Nestes termos e nos demais de Direito, que doutamente se suprirão, deverá o presente recurso ser julgado totalmente procedente e, em consequência, deve ser revogada a decisão recorrida e substituída por outra que contemple o teor das alegações expendidas e conclusões apresentadas, assim se fazendo inteira Justiça.

  1. O arguido respondeu, pugnando pela improcedência do recurso, e CONCLUINDO: A. Por douta sentença proferida pelo tribunal a quo, foi o arguido absolvido do crime que lhe vinha imputado - um crime de usurpação, p. e p. pelas disposições conjugadas dos arts. 195.º, n.º 1 e 197.º do Código do Direito de Autor e dos Direitos Conexos (CDADC), por referência aos arts. 68.º, n.º 2, 176.º, 178.º e 184.º, n.º 2 do mesmo diploma legal.

B. O recurso interposto pelo Ministério Público, assenta na não concordância do assim decidido pela douta sentença, alegando que o elemento negativo do tipo objectivo de ilícito imputado ao arguido se encontra, de facto, preenchido, uma vez que o arguido não detinha a necessária autorização/licença da Passmúsica à data da fiscalização que fora realizada, O que faz com que a douta sentença padeça do vício decisório, nos termos do art. 410.º, n.º 2, al. b) do CPP.

C. Não assiste razão no assim alegado no recurso interposto pelo Ministério Público.

D. De acordo com as “Regras e Condições Gerais de Licenciamento e Aplicação de Tarifários” da AUDIOGEST e GDA (PassMúsica), disponível no sítio da Internet o licenciamento para o serviço PassMúsica, pode ser efectuado: ”(...) No prazo de cinco dias úteis após a visita ao estabelecimento por parte de um colaborador, devidamente identificado e credenciado, das Entidades de Gestão Colectiva de Direitos Conexos e sem prejuízo de lhe ser concedido prazo adicional para o correcto preenchimento do Pedido de Licenciamento e desde que o Utilizador seja expressamente informado do prazo concedido para tal efeito;” E. Se é certo que, de acordo com o n.º 1 do art. 195° do CDADC “Comete o crime de usurpação quem, sem autorização do autor ou do artista, do produtor de fonograma e vídeo grama ou do organismo de radiodifusão, utilizar uma obra ou prestação por qualquer das formas previstas neste Código.”, certo é também que essa autorização pode ser requerida e obtida mesmo após a visita da fiscalização; F. A lei (CDADC) não fala na obtenção de uma ‘autorização prévia”, como alega o Ministério Público no seu recurso, pois se assim o exigisse não abriria o pressuposto de obter tal autorização, mesmo após da fiscalização efectuada a um estabelecimento.

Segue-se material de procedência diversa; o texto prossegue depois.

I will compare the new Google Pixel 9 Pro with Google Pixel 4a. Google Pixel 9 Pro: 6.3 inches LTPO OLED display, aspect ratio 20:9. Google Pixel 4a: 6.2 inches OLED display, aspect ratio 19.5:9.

G. O recorrido obteve a competente licença PassMúsica para os meses Outubro, Novembro de Dezembro de 2010, tendo pago a respectiva tarifa proporcional aos meses em que o estabelecimento daquele este aberto, após ter sido efectuada a fiscalização no dia 28 de Novembro de 2010.

H. Com a concessão da licença, com o respectivo pagamento efectuado pelo recorrido, resulta vazia a imputação a este do crime p. e p. pelas disposições conjugadas dos arts. 195.º, n.º 1 e 197.º do Código do Direito de Autor e dos Direitos Conexos (CDADC), por referência aos arts. 68.º, n.º 2, 176.º, 178° e 184.º, n.º 2 do mesmo diploma legal.

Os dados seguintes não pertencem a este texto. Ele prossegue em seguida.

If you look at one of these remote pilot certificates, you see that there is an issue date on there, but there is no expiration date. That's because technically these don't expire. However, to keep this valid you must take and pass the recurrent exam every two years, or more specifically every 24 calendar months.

I. O que bem protegido pelo normativo vindo de referir, são as obras abrangidas pelos Direitos de Autor e com a obtenção da respectiva licença/autorização para utilização dessas obras, essa protecção acha-se concretizada.

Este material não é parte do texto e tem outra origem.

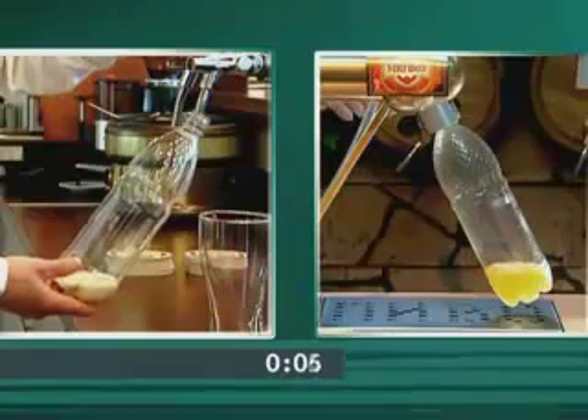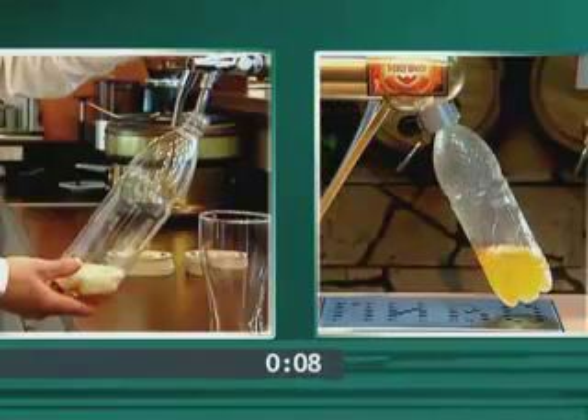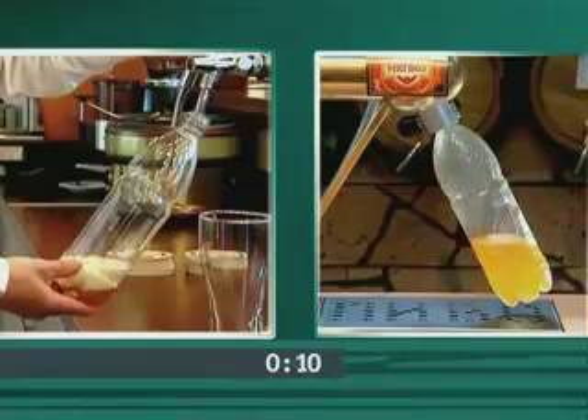Let's fill two 1.5-liter plastic bottles with beer. One bottle would be filled using the standard beer tap, while another bottle would be filled through a beer dispenser, Pegas.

J. Com a obtenção da licença e com a concessão implícita de autorização por parte dos autores e artista da obra, o bem protegido pelo normativo previsto no CDACD encontra-se salvaguardado.

K. Havendo licença o bem encontrando-se protegido, não existindo, portanto, consumação do crime de usurpação, uma vez que existe autorização do ‘dono’ da obra, autorização essa que pode ser obtida após fiscalização ao estabelecimento.

L. Bem andou a douta sentença em decidir pela absolvição do arguido, ora recorrido, por não se encontrar preenchido o elemento negativo do tipo objectivo de ilícito, não merecendo, por isso, qualquer censura.

Nestes termos e nos melhores de direito deve o recurso interposto ser considerado totalmente improcedente, mantendo-se a douta sentença recorrida que nenhuma censura merece.

Já neste Tribunal da Relação, o Ex.mº Sr. Procurador-Geral Adjunto, emitiu parecer no sentido da procedência do recurso, mas considerando que a imputação da conduta criminosa deve ser feita a título de negligência.